Caption-style text data:
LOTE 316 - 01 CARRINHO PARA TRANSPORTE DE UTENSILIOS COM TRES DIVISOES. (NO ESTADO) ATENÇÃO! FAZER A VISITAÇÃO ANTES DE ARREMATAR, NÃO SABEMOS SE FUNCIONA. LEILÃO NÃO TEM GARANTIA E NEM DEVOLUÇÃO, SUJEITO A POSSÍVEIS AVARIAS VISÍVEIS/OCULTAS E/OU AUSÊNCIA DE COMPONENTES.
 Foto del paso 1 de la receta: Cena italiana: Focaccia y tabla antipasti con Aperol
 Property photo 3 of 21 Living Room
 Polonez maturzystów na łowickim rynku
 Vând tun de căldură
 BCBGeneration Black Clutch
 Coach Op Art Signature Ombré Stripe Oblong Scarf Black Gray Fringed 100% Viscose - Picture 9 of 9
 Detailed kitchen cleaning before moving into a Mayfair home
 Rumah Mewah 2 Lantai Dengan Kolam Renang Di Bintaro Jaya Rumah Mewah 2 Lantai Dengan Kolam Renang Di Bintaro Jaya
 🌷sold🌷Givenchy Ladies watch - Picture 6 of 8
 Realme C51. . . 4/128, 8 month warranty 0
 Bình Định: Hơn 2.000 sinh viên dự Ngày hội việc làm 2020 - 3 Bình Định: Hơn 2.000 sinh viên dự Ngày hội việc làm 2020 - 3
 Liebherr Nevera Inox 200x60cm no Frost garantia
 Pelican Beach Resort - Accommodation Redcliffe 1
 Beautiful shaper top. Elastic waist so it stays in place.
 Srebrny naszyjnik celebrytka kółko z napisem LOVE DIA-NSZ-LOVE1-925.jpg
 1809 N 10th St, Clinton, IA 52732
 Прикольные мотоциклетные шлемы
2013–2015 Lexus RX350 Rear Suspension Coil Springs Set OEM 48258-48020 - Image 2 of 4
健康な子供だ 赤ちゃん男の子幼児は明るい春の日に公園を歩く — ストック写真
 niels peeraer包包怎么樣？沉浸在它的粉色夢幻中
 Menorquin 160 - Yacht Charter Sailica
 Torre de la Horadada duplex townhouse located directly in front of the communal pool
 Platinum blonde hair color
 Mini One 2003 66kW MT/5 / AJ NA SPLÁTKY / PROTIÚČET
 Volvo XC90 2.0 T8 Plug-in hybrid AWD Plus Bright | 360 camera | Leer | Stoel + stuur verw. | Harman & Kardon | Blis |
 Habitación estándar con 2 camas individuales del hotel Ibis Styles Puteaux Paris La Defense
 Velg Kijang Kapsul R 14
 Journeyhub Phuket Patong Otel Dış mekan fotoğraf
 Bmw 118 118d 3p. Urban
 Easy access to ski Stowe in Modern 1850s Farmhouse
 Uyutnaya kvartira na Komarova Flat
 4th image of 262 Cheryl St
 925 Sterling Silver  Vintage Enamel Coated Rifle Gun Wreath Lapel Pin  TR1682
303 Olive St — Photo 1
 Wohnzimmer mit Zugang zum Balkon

TRY IT:
The lines above from the one containing "Picture 6 of 8" through the one containing "1809 N 10th St, Clinton, IA 52732" are to be set down exactly, and no others.

OUTPUT OF THE TASK:
 🌷sold🌷Givenchy Ladies watch - Picture 6 of 8
 Realme C51. . . 4/128, 8 month warranty 0
 Bình Định: Hơn 2.000 sinh viên dự Ngày hội việc làm 2020 - 3 Bình Định: Hơn 2.000 sinh viên dự Ngày hội việc làm 2020 - 3
 Liebherr Nevera Inox 200x60cm no Frost garantia
 Pelican Beach Resort - Accommodation Redcliffe 1
 Beautiful shaper top. Elastic waist so it stays in place.
 Srebrny naszyjnik celebrytka kółko z napisem LOVE DIA-NSZ-LOVE1-925.jpg
 1809 N 10th St, Clinton, IA 52732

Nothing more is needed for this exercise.